Jean-Luc Istin : Oui, je pourrai éliminer un personnage de la famille Marshall. je ne dis pas que ce serait facile mais si le récit le nécessite, je fais passer le scénario et sa dramatique en premier. En fait, le plus difficile ça va être pour celui que j'élimine. Si Ed meurt, mon fils va faire la grimace. Mais bon, c'est le jeu.
La vision des loups garous dans World War Wolves est très différente des visions bestiales. Les lycanthropes sont intelligents, ont un chef, gèrent leur territoire. Pourquoi avoir choisi cet angle narratif ?
Jean-Luc Istin : Intelligent, oui, mais beaucoup moins qu’avant. Plus instinctifs.Les loups : Les loups garous de World War Wolves ont quelques particularités, des règles :
Le jour : Ils sont humains mais avec des sens et une force plutôt accrues
La nuit : ils se transforme en loup dès le coucher du soleil.
La nuit de pleine lune : ils deviennent des loups encore plus puissants et encore plus redoutables. Les nuits de pleine lune sont donc les plus dangereuses des nuits. Ils ne se contrôlent plus. Ils sont régis par un chef, c’est l’idée de la meute tout simplement. Je me contente de reprendre le cadre naturel du vrai loup. Si il n’y avait que des loups garous éparses sans idée de meute, ce serait vite ennuyeux. L’idée qu’il y ait une société de loup qui prend le pouvoir et chasse l’homme, c’est une idée plus passionnante à développer. Ce qui m’intéresse également, c’est la disparition de l’empathie pour l’homme. Imagine une seconde que tu soies contaminé mais pas ta femme. Tu te transformes et progressivement, celle que tu aimes devient celle que tu veux dévorer. Que s’est il passé dans ta tête ? Pourquoi ne peux tu plus rien ressentir pour elle ? Est-ce qu’avec une puissante volonté tu peux éviter d’en arriver à la dévorer ?

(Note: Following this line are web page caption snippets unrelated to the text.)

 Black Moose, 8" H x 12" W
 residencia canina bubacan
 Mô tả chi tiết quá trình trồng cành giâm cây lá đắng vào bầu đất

A quoi peut-on s'attendre par la suite ?
Jean-Luc Istin : A beaucoup de rebondissements, je vais aussi explorer la manière dont les Hamish réagissent à cette épidémie. On va découvrir qui est le loup qui sème la terreur à Las Cruces et notre bon Malcolm va trouver un moyen de s’échapper de Riker Island. A plus long terme, mon idée est simple : Il y a une solution à cette épidémie d’un nouveau genre. On peut sauver l’Amérique. Comment ? Ça, c’est un secret.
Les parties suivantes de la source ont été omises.